RBNZ: Backward Kiwis more touchy on their currency - AmpGFX

It was another confusing RBNZ policy statement where they managed to upgrade their growth outlook, despite recent weaker activity indicators, and yet downgrade their inflation forecasts, and end up with no change in their rates outlook, according to Greg Gibbs,
Analyst at Amplifying Global FX Capital.

Key Quotes

“They see the higher exchange rate since May has dampening their inflation outlook.  And have come to see their fellow Kiwis as more backward-looking in their price setting behavior, further dampening the inflation outlook.  The RBNZ tried to emulate the RBA by sounding tougher on their exchange rate views, but it all gets a bit muddled, and Wheeler and gang don’t quite have the cache and charisma of RBA’s Governor Lowe and team, so it doesn’t come off.”

Rates outlook unchanged

The NZD has firmed since the RBNZ statement.  It is not exactly clear why; perhaps the market was looking for some downward revision to its rates forecasts?

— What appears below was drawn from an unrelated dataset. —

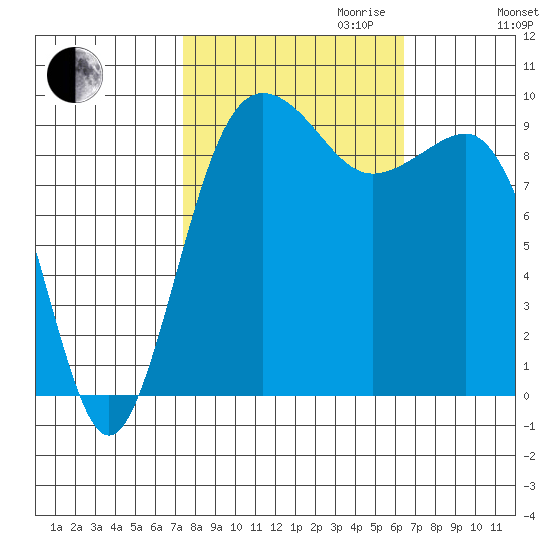 Hansville tide chart for Tuesday, October 12, 2021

Some media commentators had said that the NZD fell recently on speculation of lower rate forecasts. However, the RBNZ has and still has rates forecast to remain on hold for the next two years before a very gradual rise towards the end of their three-year forecast horizon.

These rate projections are low considering that rates at 1.75% are well below the RBNZ estimate of neutral of 3.5%, and the economy is expected to grow above potential from a zero output gap starting point.

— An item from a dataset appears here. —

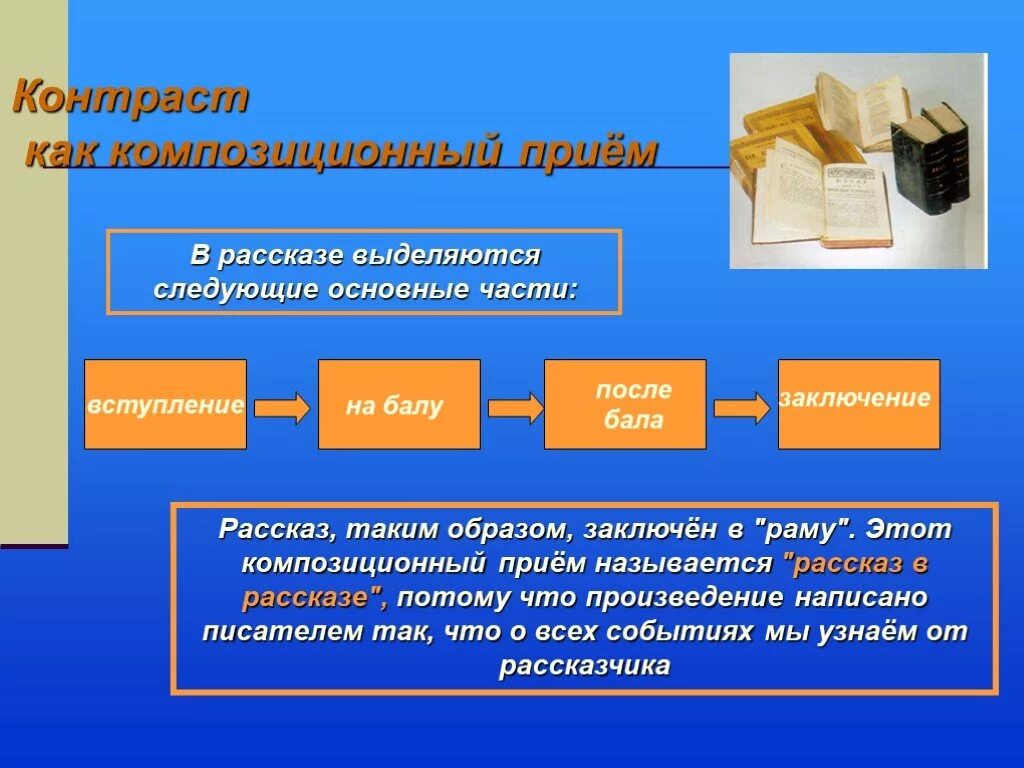 Приём контраста в литературе это. Композиция рассказа после бала. Приемы контраста в произведении после бала. Композиционный прием рассказ в рассказе.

There is not a case for them to project rate cuts, and little reason for the market to have thought this to be the case.

The main take away for the market is that the rates outlook is unchanged since the May policy statement.”

“Backward looking Kiwi’s

The RBNZ said their recent research suggests that price setting behavior in the economy is more backward looking than they had previously thought.  As such low inflation in recent years will tend to be more persistent. And the economy has to grow more significantly above trend to generate the desired higher inflation outcomes in the RBNZ’s three-year horizon.

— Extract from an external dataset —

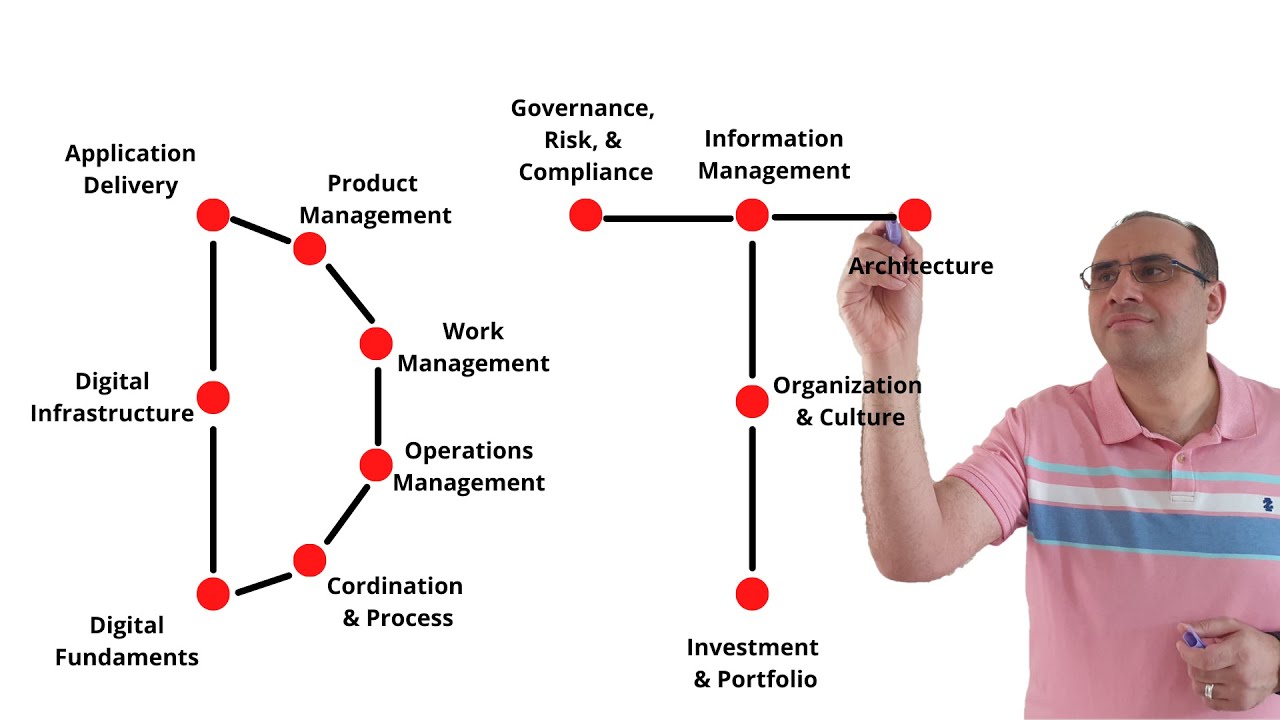 DPBoK Foundation certification - Linking the dots of Digital Transformation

The RBNZ said, “Low past inflation appears to be contributing to weak price-setting behaviour by businesses. This is creating a drag on current and future inflation. These weaker price-setting dynamics suggest a need for stronger capacity pressure than might otherwise be necessary to generate a given level of inflation.”

“The implication is that recent weak pricing dynamics are likely to act as a headwind to inflation over the forecast horizon, suggesting that the stance of monetary policy needs to be more accommodative than otherwise.”

“Higher GDP forecasts

The RBNZ have actually boosted their GDP forecasts since May.  This is kind of surprising considering some weaker than expected activity data since the beginning of the year.  However, the key underlying forces supporting growth remain intact, or have improved. (immigration, terms of trade, fiscal expansion, low interest rates). 

As such, the RBNZ remains quite upbeat on growth despite recent weakness in GDP.  In fact, they argue that the recent weakness in growth will result in a bounce back in coming quarters.

However, due to the higher exchange rate and backward looking Kiwis, the higher growth outlook is not enough to lift the inflation outlook that in fact has been revised lower.”

No need to follow policy moves abroad

The RBNZ have kind of tried to emulate the RBA on their exchange rate and rates rhetoric.  In a similar vein to the RBA, the RBNZ said that less policy accommodation abroad will not be followed by the RBNZ.

They said, “Although central banks in some major advanced economies are starting to raise interest rates, or beginning to consider a gradual lessening of monetary stimulus, it remains appropriate for monetary policy in New Zealand to remain accommodative. With domestic inflationary pressure remaining subdued, the Official Cash Rate (OCR) is projected to remain low for a prolonged period.”